The answer must be one number: how many lines in the records below contain the string "Ford".

..............................

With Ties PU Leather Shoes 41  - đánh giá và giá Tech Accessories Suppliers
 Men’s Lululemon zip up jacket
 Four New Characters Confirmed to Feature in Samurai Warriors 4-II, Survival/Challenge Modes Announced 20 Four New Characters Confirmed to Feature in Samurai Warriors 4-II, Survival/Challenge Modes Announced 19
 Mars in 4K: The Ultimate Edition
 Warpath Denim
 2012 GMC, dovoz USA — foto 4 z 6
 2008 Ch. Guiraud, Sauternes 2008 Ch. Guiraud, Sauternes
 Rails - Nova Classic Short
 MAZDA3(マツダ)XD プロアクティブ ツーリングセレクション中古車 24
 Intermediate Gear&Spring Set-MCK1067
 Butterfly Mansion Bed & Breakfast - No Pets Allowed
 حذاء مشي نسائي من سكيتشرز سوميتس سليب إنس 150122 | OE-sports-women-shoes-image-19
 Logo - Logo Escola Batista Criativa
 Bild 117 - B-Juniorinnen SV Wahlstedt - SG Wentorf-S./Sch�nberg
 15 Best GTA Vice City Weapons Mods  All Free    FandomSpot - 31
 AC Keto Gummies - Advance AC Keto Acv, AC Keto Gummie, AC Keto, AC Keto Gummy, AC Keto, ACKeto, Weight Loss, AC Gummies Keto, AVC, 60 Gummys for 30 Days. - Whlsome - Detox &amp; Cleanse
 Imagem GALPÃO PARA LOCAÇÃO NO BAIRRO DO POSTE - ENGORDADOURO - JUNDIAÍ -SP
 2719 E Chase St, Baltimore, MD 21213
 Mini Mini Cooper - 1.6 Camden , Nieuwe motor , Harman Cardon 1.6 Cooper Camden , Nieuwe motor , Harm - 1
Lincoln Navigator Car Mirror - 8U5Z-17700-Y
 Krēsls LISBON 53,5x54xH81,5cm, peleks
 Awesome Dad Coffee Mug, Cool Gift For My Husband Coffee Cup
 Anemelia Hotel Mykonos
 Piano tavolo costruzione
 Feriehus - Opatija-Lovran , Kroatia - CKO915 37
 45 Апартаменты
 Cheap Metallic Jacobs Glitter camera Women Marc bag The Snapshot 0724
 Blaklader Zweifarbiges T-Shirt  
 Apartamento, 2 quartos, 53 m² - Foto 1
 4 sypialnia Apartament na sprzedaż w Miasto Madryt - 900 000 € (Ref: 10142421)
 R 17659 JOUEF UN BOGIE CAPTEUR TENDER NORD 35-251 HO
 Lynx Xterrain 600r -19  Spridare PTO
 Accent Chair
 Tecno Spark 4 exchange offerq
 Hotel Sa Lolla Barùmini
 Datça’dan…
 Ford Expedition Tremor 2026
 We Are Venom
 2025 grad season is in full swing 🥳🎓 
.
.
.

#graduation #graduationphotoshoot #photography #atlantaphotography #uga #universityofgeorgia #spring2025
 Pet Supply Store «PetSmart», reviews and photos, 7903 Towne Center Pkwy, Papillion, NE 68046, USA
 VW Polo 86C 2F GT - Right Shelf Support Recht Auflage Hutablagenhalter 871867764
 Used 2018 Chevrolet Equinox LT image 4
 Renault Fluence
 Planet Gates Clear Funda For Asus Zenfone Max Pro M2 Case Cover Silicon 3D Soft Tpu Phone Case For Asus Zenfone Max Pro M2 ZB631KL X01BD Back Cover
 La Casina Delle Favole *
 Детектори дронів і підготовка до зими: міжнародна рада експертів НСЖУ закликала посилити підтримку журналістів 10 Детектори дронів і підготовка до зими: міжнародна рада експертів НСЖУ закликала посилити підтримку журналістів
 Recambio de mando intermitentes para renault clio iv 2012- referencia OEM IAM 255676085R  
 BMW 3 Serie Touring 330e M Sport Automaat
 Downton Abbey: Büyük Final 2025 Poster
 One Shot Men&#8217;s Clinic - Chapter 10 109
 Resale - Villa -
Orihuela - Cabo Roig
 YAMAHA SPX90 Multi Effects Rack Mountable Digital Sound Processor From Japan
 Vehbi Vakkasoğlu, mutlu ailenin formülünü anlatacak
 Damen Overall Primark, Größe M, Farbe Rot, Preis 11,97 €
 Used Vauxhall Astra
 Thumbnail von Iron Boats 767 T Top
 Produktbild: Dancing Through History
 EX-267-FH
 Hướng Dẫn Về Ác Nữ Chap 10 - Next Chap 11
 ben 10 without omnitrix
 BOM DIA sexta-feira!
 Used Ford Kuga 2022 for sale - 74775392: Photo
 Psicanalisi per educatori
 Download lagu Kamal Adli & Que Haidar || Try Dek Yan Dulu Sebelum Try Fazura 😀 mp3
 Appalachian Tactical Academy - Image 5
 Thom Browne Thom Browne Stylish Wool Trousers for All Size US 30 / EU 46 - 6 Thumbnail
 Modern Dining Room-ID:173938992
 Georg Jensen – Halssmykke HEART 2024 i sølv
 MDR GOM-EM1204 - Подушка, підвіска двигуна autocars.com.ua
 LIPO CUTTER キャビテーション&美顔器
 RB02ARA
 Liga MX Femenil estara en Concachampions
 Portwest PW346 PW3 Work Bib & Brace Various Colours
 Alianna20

..............................

Written answer —
2